ENTRIES PROVIDED below:

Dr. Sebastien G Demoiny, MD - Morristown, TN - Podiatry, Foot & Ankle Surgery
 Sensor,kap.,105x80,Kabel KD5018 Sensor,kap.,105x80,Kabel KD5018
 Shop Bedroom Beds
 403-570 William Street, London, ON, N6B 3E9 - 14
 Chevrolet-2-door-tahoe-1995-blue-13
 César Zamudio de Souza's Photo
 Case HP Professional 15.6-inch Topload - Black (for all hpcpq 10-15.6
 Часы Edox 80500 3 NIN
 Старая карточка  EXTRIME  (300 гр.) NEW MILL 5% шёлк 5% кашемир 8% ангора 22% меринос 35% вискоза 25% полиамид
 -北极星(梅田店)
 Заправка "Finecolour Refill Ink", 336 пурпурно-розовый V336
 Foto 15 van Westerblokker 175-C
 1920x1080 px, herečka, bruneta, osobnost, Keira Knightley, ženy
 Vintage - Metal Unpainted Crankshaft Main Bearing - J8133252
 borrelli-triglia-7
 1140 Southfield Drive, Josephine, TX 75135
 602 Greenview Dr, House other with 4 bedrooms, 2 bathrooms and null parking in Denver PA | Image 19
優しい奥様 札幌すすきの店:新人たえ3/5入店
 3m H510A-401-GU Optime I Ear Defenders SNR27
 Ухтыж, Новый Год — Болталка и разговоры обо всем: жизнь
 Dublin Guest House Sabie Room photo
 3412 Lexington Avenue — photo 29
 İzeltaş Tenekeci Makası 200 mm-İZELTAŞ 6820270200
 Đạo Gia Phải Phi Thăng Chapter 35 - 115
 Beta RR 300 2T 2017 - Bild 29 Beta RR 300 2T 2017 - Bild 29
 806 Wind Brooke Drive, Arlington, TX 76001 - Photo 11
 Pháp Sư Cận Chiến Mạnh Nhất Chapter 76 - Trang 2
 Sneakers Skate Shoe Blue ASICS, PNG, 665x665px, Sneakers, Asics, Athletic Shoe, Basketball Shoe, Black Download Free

End of ENTRIES PROVIDED.

> _YOUR TASK_: Extract the lines above, from the first one through the one containing "Pháp Sư Cận", and return only those, unchanged.

> _EXERCISE ANSWER_:
Dr. Sebastien G Demoiny, MD - Morristown, TN - Podiatry, Foot & Ankle Surgery
 Sensor,kap.,105x80,Kabel KD5018 Sensor,kap.,105x80,Kabel KD5018
 Shop Bedroom Beds
 403-570 William Street, London, ON, N6B 3E9 - 14
 Chevrolet-2-door-tahoe-1995-blue-13
 César Zamudio de Souza's Photo
 Case HP Professional 15.6-inch Topload - Black (for all hpcpq 10-15.6
 Часы Edox 80500 3 NIN
 Старая карточка  EXTRIME  (300 гр.) NEW MILL 5% шёлк 5% кашемир 8% ангора 22% меринос 35% вискоза 25% полиамид
 -北极星(梅田店)
 Заправка "Finecolour Refill Ink", 336 пурпурно-розовый V336
 Foto 15 van Westerblokker 175-C
 1920x1080 px, herečka, bruneta, osobnost, Keira Knightley, ženy
 Vintage - Metal Unpainted Crankshaft Main Bearing - J8133252
 borrelli-triglia-7
 1140 Southfield Drive, Josephine, TX 75135
 602 Greenview Dr, House other with 4 bedrooms, 2 bathrooms and null parking in Denver PA | Image 19
優しい奥様 札幌すすきの店:新人たえ3/5入店
 3m H510A-401-GU Optime I Ear Defenders SNR27
 Ухтыж, Новый Год — Болталка и разговоры обо всем: жизнь
 Dublin Guest House Sabie Room photo
 3412 Lexington Avenue — photo 29
 İzeltaş Tenekeci Makası 200 mm-İZELTAŞ 6820270200
 Đạo Gia Phải Phi Thăng Chapter 35 - 115
 Beta RR 300 2T 2017 - Bild 29 Beta RR 300 2T 2017 - Bild 29
 806 Wind Brooke Drive, Arlington, TX 76001 - Photo 11
 Pháp Sư Cận Chiến Mạnh Nhất Chapter 76 - Trang 2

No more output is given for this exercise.